Hi all,
I will start with some kind of a disclaimer - I've using RabbitMQ for about 6 years now, in variety of contexts and use cases across different companies, both as a programmer and as an architect and so on. Different operating systems (Windows, Linux even Solaris), very large scale and very small scale. The idea behind this disclaimer is that I will provide here just the symptoms without too much technical details and follow you with questions - as you can guess from the disclaimer, we tried a lot, I don't think everything is relevant here so I will start "light".
In my current company we are using RabbitMQ pretty heavily, about 10 clusters, geo distributed and interconnected with federations. All of the clusters are Linux based, RabbitMQ 3.6.9+ with 3 nodes each.

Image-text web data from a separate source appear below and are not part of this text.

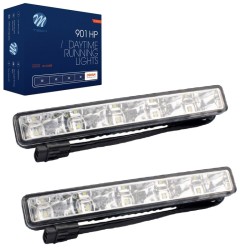 DRL Set Φώτα Ημέρας Universal DRL901HP M-Tech Osram Technology 168 x 38.4 x 22.5mm 2 Τεμάχια DRL Set Φώτα Ημέρας Universal DRL901HP M-Tech Osram Technology 168 x 38.4 x 22.5mm 2 Τεμάχια
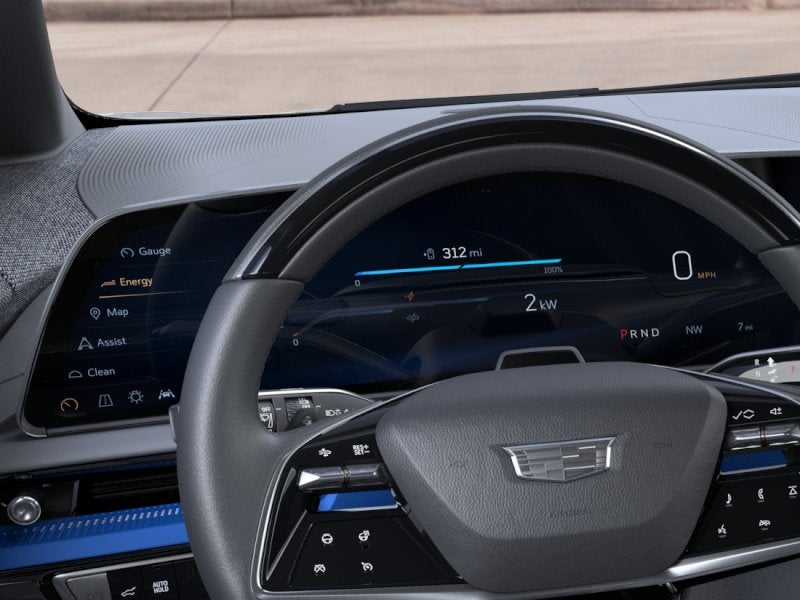 2026 Cadillac OPTIQ Sport
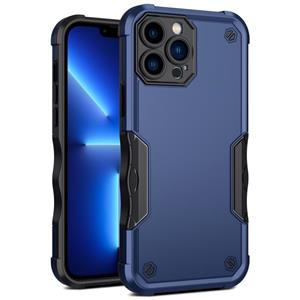 huismerk Antislip Armor Phone Case voor iPhone 13 Pro Max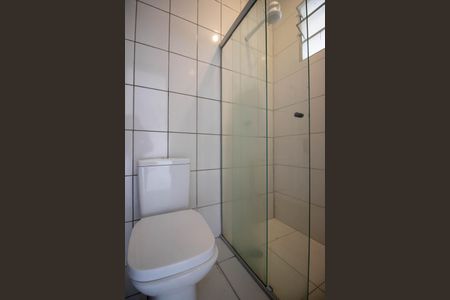 Casa para alugar com 28m², 1 quarto e sem vagaBanheiro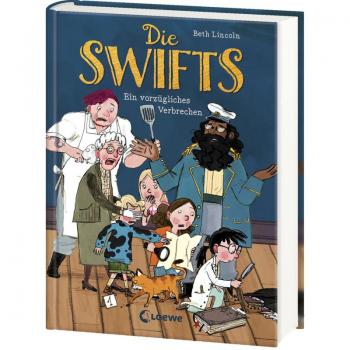 Die Swifts (Band 1)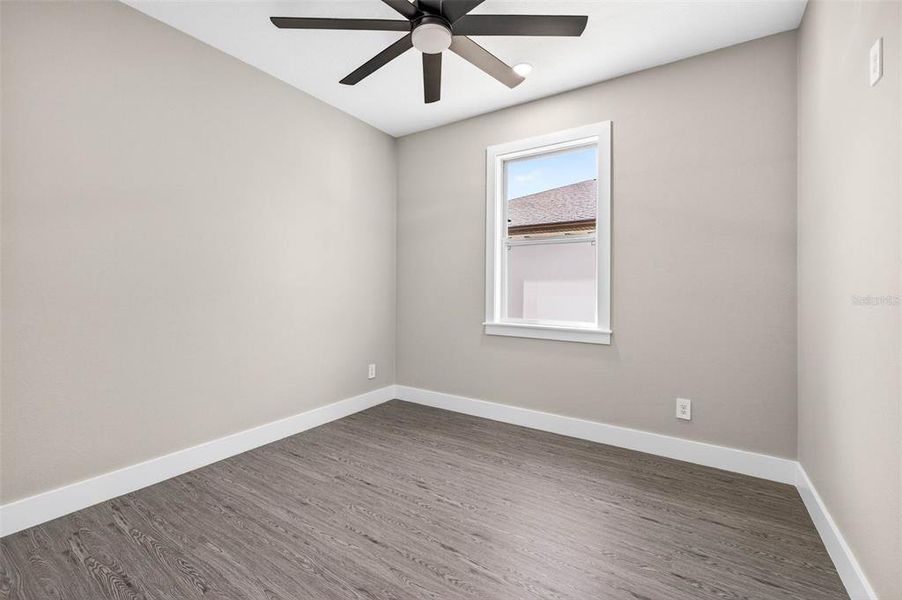 Spacious, unfurnished interior of a new home in , Masaryktown (Image 42).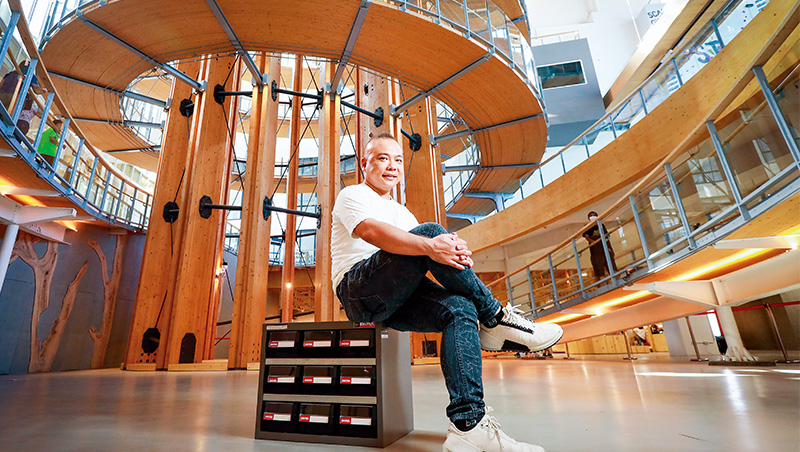 「看不見客戶反應」好苦惱　收納櫃大王砸20億開觀光工廠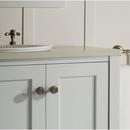 KOHLER Polished Chrome Cabinet Knob 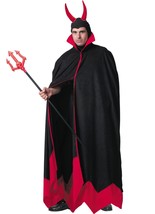 Devil Costume Men Handmade - £47.81 GBP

Recently we started to have on 2 of them the following issue, the issue looks like the cluster goes into some kind of "zombie" mode, which means:
- Connections are not closed, but clients start to have issues (timeouts).
- If there are federations they start to die (due to heartbeat timeout, pretty much the same as the clients - which is clear). Although one of the suffering clusters doesn't have upstream nor downstream federations at all.
- In general the mode looks like RabbitMQ went into suspended mode (you can find it here: https://www.rabbitmq.com/partitions.html#suspend) - we suffered from this a while ago when VMWare had automatic DRS and migrated VMs, which of course causes Erlang machine to misbehave.
- The nodes in the cluster set to pause-minority, which is not actually taking place (just like in suspended mode), node that have issues doesn't really "understand" he is minority, thus not paused, thus not removed from load balancer and so on.
- Relevant ports staying in listening mode, which is not the case when minority is paused.
- No CPU or memory leak/spike or any other issues during this time, before or after.
- Just to emphasize the issue, the misbehaving cluster/clusters barely has any load - 20-30 messages a second. we have heavy loaded clusters with no such problems at all.
- The only way currently to get out of this state is restarting the node of Rabbit.
- In very rare cases we can't do it (RabbitMQ doesn't responds to start, stop or restart commands) so we restart the VM itself.
- In some cases after the unhealthy node restarted, another one goes into same mode after 5-10 minutes (it may be related to to the same issue not the the restart itself)
No special logs found anywhere, not in RabbitMQ logs, not in sasl logs, except of timeouts that start happening after a node goes into this state.
Any kind of hint, help or question in the right direction may help here.
Thanks a lot, and any kind of technical details can be provided on request.